Can't add a new node to GeneralGraph after deleting edges

py-why / causal-learn

Causal Discovery in Python. It also includes (conditional) independence tests and score functions.

https://causal-learn.readthedocs.io/en/latest/

MIT License

1.16k stars 191 forks source link

Can't add a new node to GeneralGraph after deleting edges #41

Closed AndrewC19 closed 1 year ago

AndrewC19 commented 2 years ago

If I attempt to add a new node to a GeneralGraph using add_node after calling the method remove_nodes, I get the following error:

ValueError: all the input array dimensions for the concatenation axis must match exactly, but along dimension 1, the array at index 0 has size 10 and the array at index 1 has size 5.

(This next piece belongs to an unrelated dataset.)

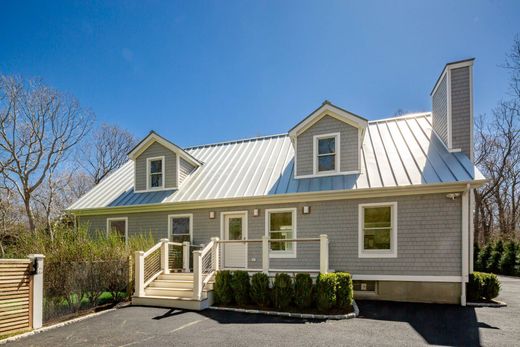 Detached House in East Hampton, Suffolk County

The more detailed error message:

Traceback (most recent call last):
  File <PATH_TO_SCRIPT>, line 20, in <module>
    graph.add_node(GraphNode("X11"))
  File "<PATH_TO_PROJECT>/ctf_venv/lib/python3.9/site-packages/causallearn/graph/GeneralGraph.py", line 205, in add_node
    dpath = np.vstack((self.dpath, row))
  File "<__array_function__ internals>", line 180, in vstack
  File "<PATH_TO_PROJECT>/ctf_venv/lib/python3.9/site-packages/numpy/core/shape_base.py", line 282, in vstack
    return _nx.concatenate(arrs, 0)
  File "<__array_function__ internals>", line 180, in concatenate

Minimal example to reproduce:

# Generate a graph with 10 edges
nodes = [GraphNode(f"X{i}") for i in range(1, 11)]
graph = GeneralGraph(nodes)
for i in range(9):
    graph.add_edge(Edge(nodes[i], nodes[i+1], Endpoint.TAIL, Endpoint.ARROW))
print(graph)

# Delete the first 5 nodes
nodes_to_remove = nodes[:5]
graph.remove_nodes(nodes_to_remove)

# Try to add a new node (X11)
graph.add_node(GraphNode("X11"))
print(graph)

It appears that self.dpath is not being updated correctly upon calling remove_nodes. If you compare its dimensions to self.graph you can see that it has not deleted the paths involving the removed nodes. For example, in the above example we removed 5 nodes but if we call print(graph.graph.shape, graph.dpath.shape), we get the following: (5, 5) (10, 10).

tofuwen commented 2 years ago

Hi Andrew,

Thanks so much for your input! We really appreciate it.

Currently we are working on "code quality improvement project", and we will fix this issue during the project. (We already included this issue in our tracking doc, and assigned to the owner).

Currently our main focus is to "adding more tests to the causal-learn" project, as without reliable and automatic tests, it's hard to ensure the correctness of the code.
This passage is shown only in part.